* Work required *
Pick out every line in the data below that holds "Cream".

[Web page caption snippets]
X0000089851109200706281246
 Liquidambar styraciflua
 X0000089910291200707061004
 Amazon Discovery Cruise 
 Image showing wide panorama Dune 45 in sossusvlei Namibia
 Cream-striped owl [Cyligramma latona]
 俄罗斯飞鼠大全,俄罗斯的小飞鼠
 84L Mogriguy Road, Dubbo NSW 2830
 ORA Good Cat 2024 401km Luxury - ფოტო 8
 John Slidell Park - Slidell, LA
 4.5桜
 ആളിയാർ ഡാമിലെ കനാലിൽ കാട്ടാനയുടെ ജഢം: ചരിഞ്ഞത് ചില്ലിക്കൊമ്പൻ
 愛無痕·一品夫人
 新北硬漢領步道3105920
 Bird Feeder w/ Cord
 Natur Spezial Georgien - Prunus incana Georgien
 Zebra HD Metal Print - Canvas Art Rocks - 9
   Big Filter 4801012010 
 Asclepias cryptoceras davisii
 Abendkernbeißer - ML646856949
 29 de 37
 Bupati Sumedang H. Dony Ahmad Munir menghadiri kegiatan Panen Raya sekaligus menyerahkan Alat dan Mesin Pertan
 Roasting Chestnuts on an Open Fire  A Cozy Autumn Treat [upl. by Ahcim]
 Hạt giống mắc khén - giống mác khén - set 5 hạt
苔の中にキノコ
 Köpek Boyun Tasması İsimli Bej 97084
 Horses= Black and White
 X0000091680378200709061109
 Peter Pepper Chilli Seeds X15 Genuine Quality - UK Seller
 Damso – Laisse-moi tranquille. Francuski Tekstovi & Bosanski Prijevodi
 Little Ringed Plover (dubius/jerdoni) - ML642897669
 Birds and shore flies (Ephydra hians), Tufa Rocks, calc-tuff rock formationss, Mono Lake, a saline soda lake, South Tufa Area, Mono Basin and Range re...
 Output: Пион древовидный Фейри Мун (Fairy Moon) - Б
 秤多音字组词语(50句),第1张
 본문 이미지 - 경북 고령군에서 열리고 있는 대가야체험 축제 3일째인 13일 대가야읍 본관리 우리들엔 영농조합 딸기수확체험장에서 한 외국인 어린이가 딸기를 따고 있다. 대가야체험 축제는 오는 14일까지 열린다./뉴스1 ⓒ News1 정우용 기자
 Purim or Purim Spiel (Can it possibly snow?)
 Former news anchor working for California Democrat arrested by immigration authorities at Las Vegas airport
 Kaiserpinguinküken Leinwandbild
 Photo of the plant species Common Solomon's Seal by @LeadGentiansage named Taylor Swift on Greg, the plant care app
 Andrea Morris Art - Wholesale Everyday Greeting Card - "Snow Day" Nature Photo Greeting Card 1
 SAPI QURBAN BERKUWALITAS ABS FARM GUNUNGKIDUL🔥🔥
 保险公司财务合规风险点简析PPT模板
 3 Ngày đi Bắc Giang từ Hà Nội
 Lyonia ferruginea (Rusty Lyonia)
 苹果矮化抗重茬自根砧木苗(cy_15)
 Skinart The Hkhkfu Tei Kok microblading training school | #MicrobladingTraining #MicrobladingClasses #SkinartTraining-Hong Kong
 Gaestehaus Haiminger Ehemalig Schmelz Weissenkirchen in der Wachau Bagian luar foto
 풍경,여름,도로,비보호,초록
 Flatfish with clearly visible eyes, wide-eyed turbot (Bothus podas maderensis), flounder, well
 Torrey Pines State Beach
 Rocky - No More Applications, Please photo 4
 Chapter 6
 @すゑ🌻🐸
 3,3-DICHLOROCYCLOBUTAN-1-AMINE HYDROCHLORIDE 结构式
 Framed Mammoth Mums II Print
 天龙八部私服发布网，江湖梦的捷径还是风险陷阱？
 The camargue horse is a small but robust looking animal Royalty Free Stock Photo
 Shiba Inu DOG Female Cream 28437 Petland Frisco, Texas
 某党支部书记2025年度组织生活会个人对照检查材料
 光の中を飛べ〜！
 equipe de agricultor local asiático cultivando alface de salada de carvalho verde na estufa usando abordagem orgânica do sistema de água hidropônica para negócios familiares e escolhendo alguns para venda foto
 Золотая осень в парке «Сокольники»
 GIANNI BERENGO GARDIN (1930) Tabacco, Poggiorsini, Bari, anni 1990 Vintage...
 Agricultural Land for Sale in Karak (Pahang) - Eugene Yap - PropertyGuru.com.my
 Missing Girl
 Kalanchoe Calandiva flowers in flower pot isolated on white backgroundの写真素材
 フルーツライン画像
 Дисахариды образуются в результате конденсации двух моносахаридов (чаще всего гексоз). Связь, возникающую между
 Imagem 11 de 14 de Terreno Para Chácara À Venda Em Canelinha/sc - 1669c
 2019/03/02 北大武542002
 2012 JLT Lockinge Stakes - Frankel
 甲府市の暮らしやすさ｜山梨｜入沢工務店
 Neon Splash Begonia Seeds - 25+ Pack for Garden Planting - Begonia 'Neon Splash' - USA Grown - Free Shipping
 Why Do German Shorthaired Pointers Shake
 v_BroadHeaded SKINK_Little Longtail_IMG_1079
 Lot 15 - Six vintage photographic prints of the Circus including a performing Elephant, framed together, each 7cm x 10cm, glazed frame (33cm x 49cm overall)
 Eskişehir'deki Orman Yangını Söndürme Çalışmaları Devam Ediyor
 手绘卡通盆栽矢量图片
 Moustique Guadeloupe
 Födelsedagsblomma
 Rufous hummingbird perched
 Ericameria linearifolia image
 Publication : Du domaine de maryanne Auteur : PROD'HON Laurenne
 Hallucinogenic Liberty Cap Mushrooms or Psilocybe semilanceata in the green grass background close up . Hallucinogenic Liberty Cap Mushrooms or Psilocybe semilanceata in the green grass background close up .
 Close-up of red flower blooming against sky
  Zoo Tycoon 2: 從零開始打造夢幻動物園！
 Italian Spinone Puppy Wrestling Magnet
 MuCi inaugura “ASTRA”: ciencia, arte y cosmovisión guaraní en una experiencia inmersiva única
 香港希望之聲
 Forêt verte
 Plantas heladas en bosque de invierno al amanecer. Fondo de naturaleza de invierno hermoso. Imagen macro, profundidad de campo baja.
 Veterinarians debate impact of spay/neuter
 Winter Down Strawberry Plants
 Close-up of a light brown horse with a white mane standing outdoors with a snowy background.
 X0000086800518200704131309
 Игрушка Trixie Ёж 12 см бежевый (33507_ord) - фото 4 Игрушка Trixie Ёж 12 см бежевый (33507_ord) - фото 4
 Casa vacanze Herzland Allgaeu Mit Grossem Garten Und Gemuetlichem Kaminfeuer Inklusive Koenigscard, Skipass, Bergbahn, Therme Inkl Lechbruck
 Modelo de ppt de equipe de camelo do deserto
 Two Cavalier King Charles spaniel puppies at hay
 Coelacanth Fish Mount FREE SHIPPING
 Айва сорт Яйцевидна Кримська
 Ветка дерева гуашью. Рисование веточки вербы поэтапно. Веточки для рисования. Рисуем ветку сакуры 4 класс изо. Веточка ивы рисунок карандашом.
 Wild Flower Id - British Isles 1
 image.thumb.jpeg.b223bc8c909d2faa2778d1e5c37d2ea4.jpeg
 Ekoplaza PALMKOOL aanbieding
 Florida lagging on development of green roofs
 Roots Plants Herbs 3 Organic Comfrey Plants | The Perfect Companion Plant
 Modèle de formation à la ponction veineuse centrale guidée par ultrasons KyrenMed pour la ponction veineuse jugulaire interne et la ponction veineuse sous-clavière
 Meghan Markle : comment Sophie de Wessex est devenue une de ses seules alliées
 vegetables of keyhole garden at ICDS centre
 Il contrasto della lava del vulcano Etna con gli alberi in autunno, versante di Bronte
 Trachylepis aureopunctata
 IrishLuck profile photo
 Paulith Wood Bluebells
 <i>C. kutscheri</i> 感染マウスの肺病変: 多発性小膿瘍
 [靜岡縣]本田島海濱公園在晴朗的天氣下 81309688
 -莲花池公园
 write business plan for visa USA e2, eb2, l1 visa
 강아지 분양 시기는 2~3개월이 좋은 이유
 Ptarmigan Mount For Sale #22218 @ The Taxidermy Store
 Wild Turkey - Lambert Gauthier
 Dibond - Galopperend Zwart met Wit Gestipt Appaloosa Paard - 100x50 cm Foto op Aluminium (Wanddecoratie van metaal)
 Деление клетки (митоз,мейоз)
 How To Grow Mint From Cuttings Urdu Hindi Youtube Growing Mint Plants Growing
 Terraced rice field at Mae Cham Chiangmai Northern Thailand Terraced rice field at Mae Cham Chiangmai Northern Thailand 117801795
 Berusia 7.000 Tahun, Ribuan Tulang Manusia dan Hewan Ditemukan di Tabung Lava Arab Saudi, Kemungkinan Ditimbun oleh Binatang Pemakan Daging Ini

* Finished task *
 Cream-striped owl [Cyligramma latona]
 Shiba Inu DOG Female Cream 28437 Petland Frisco, Texas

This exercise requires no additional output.